During his leadership, he distanced the party from the influence of the Communist Party of the Soviet Union and pursued a moderate line, repositioning the party within Italian politics and advocating accommodation and national unity. This strategy came to be termed Eurocommunism, and he was seen as its main spokesperson. It came to be adopted by Western Europe's other significant like-minded parties, such as the Communist Party of Spain and later the French Communist Party; its significance as a political force was cemented by a 1977 meeting in Madrid between Berlinguer, Georges Marchais, and Santiago Carrillo. Berlinguer described his alternative model of socialism, distinct from both the Soviet bloc and the capitalism practiced by Western countries during the Cold War, as terza via; his usage of the term has no relation to the more centrist Third Way practiced by subsequent Prime Ministers Romano Prodi and Matteo Renzi.

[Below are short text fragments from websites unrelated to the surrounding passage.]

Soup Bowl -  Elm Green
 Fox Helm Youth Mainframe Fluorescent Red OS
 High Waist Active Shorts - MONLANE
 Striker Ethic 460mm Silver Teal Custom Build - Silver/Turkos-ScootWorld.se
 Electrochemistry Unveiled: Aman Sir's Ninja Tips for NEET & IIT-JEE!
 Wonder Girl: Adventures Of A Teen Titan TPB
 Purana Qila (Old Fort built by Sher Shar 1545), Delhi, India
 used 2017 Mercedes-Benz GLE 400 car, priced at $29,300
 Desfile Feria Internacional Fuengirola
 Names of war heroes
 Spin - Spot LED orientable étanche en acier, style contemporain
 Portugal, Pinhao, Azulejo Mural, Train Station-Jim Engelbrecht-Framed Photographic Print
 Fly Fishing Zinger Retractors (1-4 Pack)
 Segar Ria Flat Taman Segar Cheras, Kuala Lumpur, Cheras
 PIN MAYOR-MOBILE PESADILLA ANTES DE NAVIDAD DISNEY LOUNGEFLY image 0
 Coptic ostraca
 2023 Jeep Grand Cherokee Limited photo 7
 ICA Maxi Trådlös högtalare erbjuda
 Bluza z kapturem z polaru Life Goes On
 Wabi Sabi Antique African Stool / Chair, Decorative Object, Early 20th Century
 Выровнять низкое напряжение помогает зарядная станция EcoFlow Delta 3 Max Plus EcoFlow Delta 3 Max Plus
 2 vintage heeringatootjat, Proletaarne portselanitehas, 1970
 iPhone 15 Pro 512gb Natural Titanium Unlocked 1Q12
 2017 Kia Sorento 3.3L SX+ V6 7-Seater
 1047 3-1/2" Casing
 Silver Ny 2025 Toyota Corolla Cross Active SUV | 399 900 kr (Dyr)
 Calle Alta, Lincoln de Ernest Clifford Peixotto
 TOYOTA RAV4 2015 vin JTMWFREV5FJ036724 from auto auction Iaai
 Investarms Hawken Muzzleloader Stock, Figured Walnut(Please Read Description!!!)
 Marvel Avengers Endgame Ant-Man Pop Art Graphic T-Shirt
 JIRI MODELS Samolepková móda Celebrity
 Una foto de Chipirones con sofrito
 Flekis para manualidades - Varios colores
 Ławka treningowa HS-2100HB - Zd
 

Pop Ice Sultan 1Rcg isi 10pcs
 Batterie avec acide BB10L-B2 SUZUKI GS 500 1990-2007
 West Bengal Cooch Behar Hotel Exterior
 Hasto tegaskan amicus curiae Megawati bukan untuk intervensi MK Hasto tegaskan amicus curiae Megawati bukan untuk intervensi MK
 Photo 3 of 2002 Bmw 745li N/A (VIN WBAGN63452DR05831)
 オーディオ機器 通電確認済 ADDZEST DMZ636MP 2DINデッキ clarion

Under Berlinguer, the PCI reached the height of its success, winning significant victories in the country's regional and local elections in 1975, and 34% of the vote in the 1976 Italian general election, its highest share of the vote and number of seats. With these gains, he negotiated the Historic Compromise with Christian Democracy (DC), lending support to their government in exchange for consultation on policy decisions, as well as social reforms. He took a firm stand against terrorism after the kidnapping and murder of Aldo Moro, and used the PCI's influence to steer Italian labour unions towards moderating wage demands to cope with the country's severe inflation rate after the 1973 oil crisis. These stands were not reciprocated with sufficient concessions from Giulio Andreotti's government, leading the PCI to leave the coalition in 1979. The combination of austerity advocacy, hard line against the Red Brigades, and attempts at an accommodation with the DC affected the PCI's vote at the 1979 Italian general election and the compromise was ultimately ended in 1980. The PCI remained in national opposition for the rest of Berlinguer's tenure, retaining a solid core of support at the 1983 Italian general election; its main strength from that point would remain at the regional and local level.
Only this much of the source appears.